The warning from Amman, reported on by the Kan public broadcaster Sunday, underscored the potential diplomatic pitfalls awaiting Likud leader Benjamin Netanyahu should he take power backed by far-right hardliners, as expected.
There is particular sensitivity around Israel’s ties with neighbor Jordan, which is custodian of the Temple Mount, setting up a potential clash with lawmakers from Netanyahu’s presumptive coalition who have pushed for Israel to assert its sovereignty over the Jerusalem holy site and allow greater Jewish freedom of religion.
“Any attempt to change the status quo on the Temple Mount will definitely harm ties between Jordan and Israel,” Kan quoted a Jordanian source saying.

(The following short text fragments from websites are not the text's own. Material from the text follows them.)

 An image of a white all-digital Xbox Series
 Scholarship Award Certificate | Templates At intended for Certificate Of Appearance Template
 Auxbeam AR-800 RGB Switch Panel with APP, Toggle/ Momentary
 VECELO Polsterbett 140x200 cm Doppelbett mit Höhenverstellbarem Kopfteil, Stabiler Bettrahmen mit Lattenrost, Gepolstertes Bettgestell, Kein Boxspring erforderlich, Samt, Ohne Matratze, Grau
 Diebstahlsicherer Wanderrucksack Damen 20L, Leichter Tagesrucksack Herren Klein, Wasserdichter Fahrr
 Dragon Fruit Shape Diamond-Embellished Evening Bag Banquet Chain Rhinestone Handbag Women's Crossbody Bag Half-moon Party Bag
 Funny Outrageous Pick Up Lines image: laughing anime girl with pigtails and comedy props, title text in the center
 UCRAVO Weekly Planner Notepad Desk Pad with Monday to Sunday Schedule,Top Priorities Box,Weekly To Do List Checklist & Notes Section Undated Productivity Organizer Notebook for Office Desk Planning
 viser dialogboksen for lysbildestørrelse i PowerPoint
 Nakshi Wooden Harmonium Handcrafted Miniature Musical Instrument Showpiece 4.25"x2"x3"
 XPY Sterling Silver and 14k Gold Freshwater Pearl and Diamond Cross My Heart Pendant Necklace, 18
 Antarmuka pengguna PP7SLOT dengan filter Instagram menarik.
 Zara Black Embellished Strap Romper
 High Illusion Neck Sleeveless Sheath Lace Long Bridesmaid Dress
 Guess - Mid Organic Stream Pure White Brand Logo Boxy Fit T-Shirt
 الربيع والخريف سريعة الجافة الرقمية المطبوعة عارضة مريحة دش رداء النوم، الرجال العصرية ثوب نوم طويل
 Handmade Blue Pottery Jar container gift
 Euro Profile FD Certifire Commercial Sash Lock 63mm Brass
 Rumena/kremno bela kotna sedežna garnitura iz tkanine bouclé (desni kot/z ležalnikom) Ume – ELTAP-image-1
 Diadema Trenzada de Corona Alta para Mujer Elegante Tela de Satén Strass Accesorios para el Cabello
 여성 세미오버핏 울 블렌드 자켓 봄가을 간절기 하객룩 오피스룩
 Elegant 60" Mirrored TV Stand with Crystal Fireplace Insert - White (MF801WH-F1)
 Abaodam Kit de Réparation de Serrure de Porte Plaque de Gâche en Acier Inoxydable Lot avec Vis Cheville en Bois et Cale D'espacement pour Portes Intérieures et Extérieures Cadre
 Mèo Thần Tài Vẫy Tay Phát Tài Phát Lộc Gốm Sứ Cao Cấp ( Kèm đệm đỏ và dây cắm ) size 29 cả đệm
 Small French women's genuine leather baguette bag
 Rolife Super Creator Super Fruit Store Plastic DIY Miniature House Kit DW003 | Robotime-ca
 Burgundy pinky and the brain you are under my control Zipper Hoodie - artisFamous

The source took specific aim at Itamar Ben Gvir, the head of the extremist Otzma Yehudit party set to become part of the ruling coalition, who has made a point of touring the site during times of increased tensions.
Ben Gvir visiting the site and “making provocations” would be a whole different story if he does so as a government minister, the channel reported the Jordanian source as saying.
Ben Gvir and others in the Religious Zionism-Otzma Yehudit alliance have long pushed for changes to the status quo, under which only Muslims are allowed to worship within the compound while Jews may visit the Judaism’s holiest site, but not pray there.
Netanyahu has indicated he is open to giving Ben Gvir a cabinet post. Among the positions he has aimed for is Public Security Minister, which would give him control of the police, the body that enforces the ban on Jewish prayer.
Under their 1994 peace treaty, Israel recognizes Jordan as the custodian of the Temple Mount, which houses the Al-Aqsa Mosque. The Temple Mount is the holiest place in Judaism and the site of the third holiest shrine in Islam.
Israel captured the Temple Mount and Jerusalem’s Old City from Jordan in the 1967 Six Day War. However, it allowed the Jordanian Waqf to continue to maintain religious authority atop the mount.
Small changes at the site or to that arrangement are liable to spark protests which could snowball beyond Jordan or the Palestinians to the wider Muslim world. In 2017, Israel’s decision to place metal detectors at entrances to the site following a terror attack there led to days of riots, Jordanian threats and a Palestinian boycott.
Ties with Amman hit a low point while Netanyahu was prime minister, and spats have taken on personal dimensions: Last year, Jordan refused to give Netanyahu permission to overfly the country for a diplomatic visit in retaliation after Jordan’s crown prince was unable to the visit the al-Aqsa Mosque. Israel said at the time that the prince had brought along a larger security detail than planned for.
Ties improved while Netanyahu was in the opposition over the last 18 months, but analysts fear the relationship with Amman could get chilly again once Netanyahu tis confirmed as prime minister.
Netanyahu and his political allies won a 64-seat majority in last week’s election, paving the way for him to return to the premiership along with a government made up of Religious Zionism and the ultra-Orthodox Shas and UTJ parties.
Kan reported that the Jordanian source noted Netanyahu’s familiarity with the ramifications of ties becoming frayed again and the strategic importance of Israeli-Palestinian peace.
On Saturday, Jordanian Foreign Minister Ayman Safadi brought up “provocations and violations” against Al-Aqsa and other Jerusalem holy sites in a Saturday meeting with UN Middle East peace envoy Tor Wennesland, Jordan’s state-run Petra News reported.